Median follow-up period was 43 months (range 1-107). Actuarial 3-year rate LR  control and OS were 83.2% and 85.4%, respectively. Three-year LR control was 74.0% vs. 92.3% in the low and high TD group, respectively (p=0.008) (Figures 1+2). Three-year LR control was also significantly different for the low and high TD groups, 81.6% and 97.3% (p=0.013) for 46 Gy in 23 fractions, and 55.6% and 81.2% (p=0.033) for 32 Gy in 8 fractions, respectively. After 3 years, 25% and 0.9% of the patients had late toxicity grade 3 and 4, respectively. TD was associated with LR control (p=0.0013), but not with OS (p=0.29) or late toxicity (p=0.74).
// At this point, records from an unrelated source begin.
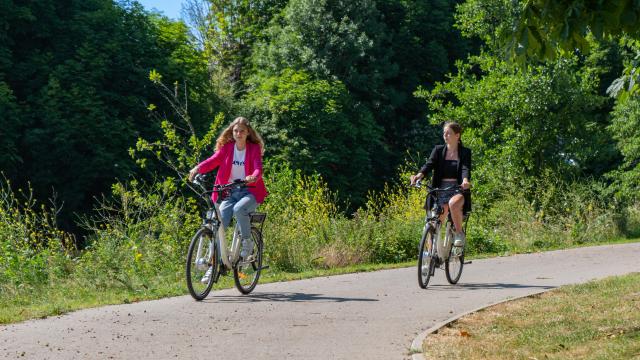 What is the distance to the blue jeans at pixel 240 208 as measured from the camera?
10242 mm

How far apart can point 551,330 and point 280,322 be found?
8.04 ft

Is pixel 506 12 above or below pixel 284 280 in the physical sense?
above

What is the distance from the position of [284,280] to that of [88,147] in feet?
80.4

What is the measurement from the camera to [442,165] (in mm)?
11414

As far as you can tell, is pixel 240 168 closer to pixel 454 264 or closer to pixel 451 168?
pixel 451 168

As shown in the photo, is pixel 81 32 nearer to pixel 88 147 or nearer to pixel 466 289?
pixel 88 147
Multivariable analysis showed that presence of distant metastases (HR 17.6; 95% CI 5.2 - 60.2), lymph node involvement (HR 2.9; 95% CI 1.2-7.2), site of recurrence (chest wall vs. breast; HR 4.6; 95% CI 1.8-11.6) and TD (low vs. high; HR 4.1; 95% CI 1.4-11.5) were associated with worse LR control.





Conclusion

Patients with resected LR recurrent breast cancer receiving post-operative reRT combined with high dose HT had a significantly higher LR control than patients receiving reRT and low dose HT, without augmenting treatment-associated toxicity. This result also indirectly suggests that HT does enhance the effectiveness of post-operative reRT after resection of LR recurrent breast cancer, and stresses the value of invasive temperature guidance during HT.